With two minutes to go Kevin Gallacher replaced Sturrock and his fresh pace paid off when he sprinted clear on the right to set up a chance for Ian Redford.

Redford went round the goalkeeper to seal an unforgettable 2-0 victory.

McLean went round and individually congratulated his players after the final whistle.

He said: “I really doubted if the players could reach the heights they achieved in Barcelona in the last round.

“But they did and I rate this performance as the best of them all.

“Borussia were a better side, technically and physically, than Barcelona, but everyone responded to the challenge.

“It was like a game of chess where every move worked out perfectly.

“I would like to think that we have struck a blow for Scottish football. I always thought that we could do it and it was even better to achieve it away from home.”

Taking the lift at full-time

The players celebrated on the pitch before being faced with a dilemma!

Borussia’s Bokelberg Stadium’s dressing-rooms were three storeys above pitch level so there was the option of taking the lift or stairs to go back up at full-time.

Supporters gather at the Dundee United Social Club before travelling to Germany.
Supporters gather at the Dundee United Social Club before travelling to Germany.

Paul Sturrock broke it down further in his 1990 memoir.

He said: “It was only as I left the field that I became aware of the unbelievable support which had followed us to Germany that night.

“The many critics of the United support were, I felt, quashed in one fell swoop!

“My initial reaction to the final whistle was not to think about what we had achieved by reaching the final of the Uefa Cup, but to contrast the different reactions between the crestfallen Germans and my cock-a-hoop Tannadice colleagues.

“It was those quite opposite emotions which really brought home to me what we had just accomplished. The celebration between players and fans in the ensuing 10 minutes was one of the most heart-rending moments of my entire career.

“Having taken the accolades, we trooped off happy but weary to face the choice of the lift or the stairs to the dressing-rooms. Needless to say the lift got everyone’s vote!”

Brian Clough was impressed

The magnitude of the achievement was highlighted by Nottingham Forest manager Brian Clough, who was covering the game as a studio analyst for the BBC.

Clough – who guided Forest to the European Cup in 1979 and 1980 – was delighted to see United shock some of the biggest sides on the continent.

Brian Clough in 1987.

He said: “They’ve been incredible. The two results they’ve had in Europe against the Spaniards and the Germans are possibly the best results we’ve seen in Europe in the past 10 years.”

That was some statement given what Forest, Liverpool and the like had achieved.

Clough added: “It’s a good stimulant for the game. It’s good for everybody.

“It puts everyone in with a shout when you see little clubs like Dundee United and Nottingham Forest win big trophies. I expect them to win the Gothenburg clash.

“We hope they win, we’ll keep our fingers crossed.”
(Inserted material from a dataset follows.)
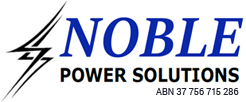 Noble Power Solutions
Sturrock and his Dundee United team-mates would lose the two-legged final against Gothenburg in 1987.
Sturrock and his Dundee United team-mates would lose the two-legged final against Gothenburg in 1987.

United went on to lose the final 2-1 over two legs against Gothenburg, with a 1-0 Scottish Cup final defeat to St Mirren sandwiched in between.

United had plenty to be proud of, though, and perhaps now – 35 years on – it’s clearer than ever what a watershed that season was for the club and its fans.

The 1987 heroes will return to share a stage at the Whitehall Theatre on May 13 to look back at the campaign to mark the 35th anniversary.

It promises to be quite the evening.